Items from a data source
▼
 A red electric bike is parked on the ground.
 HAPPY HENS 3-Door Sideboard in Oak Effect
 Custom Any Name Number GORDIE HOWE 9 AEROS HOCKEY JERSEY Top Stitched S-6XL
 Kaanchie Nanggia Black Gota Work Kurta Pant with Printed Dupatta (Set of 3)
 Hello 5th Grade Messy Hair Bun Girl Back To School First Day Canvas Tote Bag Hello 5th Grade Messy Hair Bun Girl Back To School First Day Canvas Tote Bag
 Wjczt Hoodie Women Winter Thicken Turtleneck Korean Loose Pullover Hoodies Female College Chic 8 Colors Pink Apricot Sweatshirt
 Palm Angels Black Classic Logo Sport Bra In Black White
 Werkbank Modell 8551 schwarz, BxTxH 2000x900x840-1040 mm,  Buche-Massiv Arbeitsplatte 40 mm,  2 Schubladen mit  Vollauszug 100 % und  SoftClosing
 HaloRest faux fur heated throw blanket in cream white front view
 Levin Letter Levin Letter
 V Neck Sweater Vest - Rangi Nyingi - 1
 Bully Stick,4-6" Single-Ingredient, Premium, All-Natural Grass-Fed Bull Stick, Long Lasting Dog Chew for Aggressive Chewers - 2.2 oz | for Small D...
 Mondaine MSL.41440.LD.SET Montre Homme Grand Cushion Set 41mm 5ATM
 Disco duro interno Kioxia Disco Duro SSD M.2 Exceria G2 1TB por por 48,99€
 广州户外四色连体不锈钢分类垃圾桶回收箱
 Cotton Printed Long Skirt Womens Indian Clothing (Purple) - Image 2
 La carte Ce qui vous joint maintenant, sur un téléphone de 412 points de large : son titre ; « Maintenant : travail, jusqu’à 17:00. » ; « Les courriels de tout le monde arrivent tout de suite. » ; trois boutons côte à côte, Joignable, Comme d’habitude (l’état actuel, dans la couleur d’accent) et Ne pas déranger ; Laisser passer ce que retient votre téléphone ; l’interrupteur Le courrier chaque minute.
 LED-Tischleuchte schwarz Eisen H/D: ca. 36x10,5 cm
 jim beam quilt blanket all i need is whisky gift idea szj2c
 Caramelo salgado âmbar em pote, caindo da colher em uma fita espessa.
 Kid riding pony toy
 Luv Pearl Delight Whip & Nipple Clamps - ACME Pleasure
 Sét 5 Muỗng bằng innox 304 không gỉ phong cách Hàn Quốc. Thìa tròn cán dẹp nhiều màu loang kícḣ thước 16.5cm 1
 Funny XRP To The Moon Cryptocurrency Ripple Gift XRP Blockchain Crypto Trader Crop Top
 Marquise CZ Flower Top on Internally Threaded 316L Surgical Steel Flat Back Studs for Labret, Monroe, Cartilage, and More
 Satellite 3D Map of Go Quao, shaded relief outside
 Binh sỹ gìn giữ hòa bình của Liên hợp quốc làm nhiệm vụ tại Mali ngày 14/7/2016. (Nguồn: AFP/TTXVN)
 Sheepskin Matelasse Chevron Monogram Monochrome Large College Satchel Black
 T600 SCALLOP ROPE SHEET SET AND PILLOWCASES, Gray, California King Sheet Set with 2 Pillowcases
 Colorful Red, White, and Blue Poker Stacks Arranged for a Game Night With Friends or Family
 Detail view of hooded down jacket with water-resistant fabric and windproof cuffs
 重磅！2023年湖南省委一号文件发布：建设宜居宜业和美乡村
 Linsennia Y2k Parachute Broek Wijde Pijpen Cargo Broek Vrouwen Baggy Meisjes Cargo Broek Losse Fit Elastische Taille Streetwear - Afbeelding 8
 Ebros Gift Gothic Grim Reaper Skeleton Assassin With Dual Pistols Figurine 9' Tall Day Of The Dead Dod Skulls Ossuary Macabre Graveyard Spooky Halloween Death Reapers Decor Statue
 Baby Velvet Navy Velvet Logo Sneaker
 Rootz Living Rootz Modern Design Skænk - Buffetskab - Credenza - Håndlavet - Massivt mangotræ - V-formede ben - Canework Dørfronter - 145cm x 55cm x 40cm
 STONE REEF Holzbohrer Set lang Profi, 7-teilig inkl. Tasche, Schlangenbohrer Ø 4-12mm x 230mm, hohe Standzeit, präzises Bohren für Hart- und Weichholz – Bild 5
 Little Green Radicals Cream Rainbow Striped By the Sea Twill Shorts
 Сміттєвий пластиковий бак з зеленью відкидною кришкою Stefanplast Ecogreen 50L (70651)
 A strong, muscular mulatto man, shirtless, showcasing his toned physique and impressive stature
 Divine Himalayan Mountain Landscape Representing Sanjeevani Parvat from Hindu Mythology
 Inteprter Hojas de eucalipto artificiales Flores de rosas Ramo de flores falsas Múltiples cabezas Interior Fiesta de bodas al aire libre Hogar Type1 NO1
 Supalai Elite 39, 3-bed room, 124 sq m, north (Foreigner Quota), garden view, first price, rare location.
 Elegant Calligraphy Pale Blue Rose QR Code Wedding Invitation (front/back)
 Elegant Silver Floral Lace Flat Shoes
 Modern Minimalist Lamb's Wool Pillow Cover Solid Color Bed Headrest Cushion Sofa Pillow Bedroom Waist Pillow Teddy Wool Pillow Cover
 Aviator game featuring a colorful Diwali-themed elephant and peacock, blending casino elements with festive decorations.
▲
When you reach the line containing "Sét 5 Muỗng" in the data above, start copying exactly, and stop after the line containing "Rootz Living Rootz".

 Sét 5 Muỗng bằng innox 304 không gỉ phong cách Hàn Quốc. Thìa tròn cán dẹp nhiều màu loang kícḣ thước 16.5cm 1
 Funny XRP To The Moon Cryptocurrency Ripple Gift XRP Blockchain Crypto Trader Crop Top
 Marquise CZ Flower Top on Internally Threaded 316L Surgical Steel Flat Back Studs for Labret, Monroe, Cartilage, and More
 Satellite 3D Map of Go Quao, shaded relief outside
 Binh sỹ gìn giữ hòa bình của Liên hợp quốc làm nhiệm vụ tại Mali ngày 14/7/2016. (Nguồn: AFP/TTXVN)
 Sheepskin Matelasse Chevron Monogram Monochrome Large College Satchel Black
 T600 SCALLOP ROPE SHEET SET AND PILLOWCASES, Gray, California King Sheet Set with 2 Pillowcases
 Colorful Red, White, and Blue Poker Stacks Arranged for a Game Night With Friends or Family
 Detail view of hooded down jacket with water-resistant fabric and windproof cuffs
 重磅！2023年湖南省委一号文件发布：建设宜居宜业和美乡村
 Linsennia Y2k Parachute Broek Wijde Pijpen Cargo Broek Vrouwen Baggy Meisjes Cargo Broek Losse Fit Elastische Taille Streetwear - Afbeelding 8
 Ebros Gift Gothic Grim Reaper Skeleton Assassin With Dual Pistols Figurine 9' Tall Day Of The Dead Dod Skulls Ossuary Macabre Graveyard Spooky Halloween Death Reapers Decor Statue
 Baby Velvet Navy Velvet Logo Sneaker
 Rootz Living Rootz Modern Design Skænk - Buffetskab - Credenza - Håndlavet - Massivt mangotræ - V-formede ben - Canework Dørfronter - 145cm x 55cm x 40cm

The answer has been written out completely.